Top of Data shown
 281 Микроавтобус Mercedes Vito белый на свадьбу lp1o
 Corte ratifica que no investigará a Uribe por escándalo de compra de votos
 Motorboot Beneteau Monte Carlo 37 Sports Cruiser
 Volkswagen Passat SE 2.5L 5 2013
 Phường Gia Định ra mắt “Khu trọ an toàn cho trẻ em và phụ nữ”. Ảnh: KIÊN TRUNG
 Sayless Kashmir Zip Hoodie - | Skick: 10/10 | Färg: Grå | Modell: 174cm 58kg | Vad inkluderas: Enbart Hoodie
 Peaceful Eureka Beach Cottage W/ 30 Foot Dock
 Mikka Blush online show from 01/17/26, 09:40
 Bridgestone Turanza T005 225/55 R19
Bottom of Data shown
Set out exactly the run of lines that begins at the line holding "Corte ratifica que" and ends at the last line of the data.

(Solution for this task):
 Corte ratifica que no investigará a Uribe por escándalo de compra de votos
 Motorboot Beneteau Monte Carlo 37 Sports Cruiser
 Volkswagen Passat SE 2.5L 5 2013
 Phường Gia Định ra mắt “Khu trọ an toàn cho trẻ em và phụ nữ”. Ảnh: KIÊN TRUNG
 Sayless Kashmir Zip Hoodie - | Skick: 10/10 | Färg: Grå | Modell: 174cm 58kg | Vad inkluderas: Enbart Hoodie
 Peaceful Eureka Beach Cottage W/ 30 Foot Dock
 Mikka Blush online show from 01/17/26, 09:40
 Bridgestone Turanza T005 225/55 R19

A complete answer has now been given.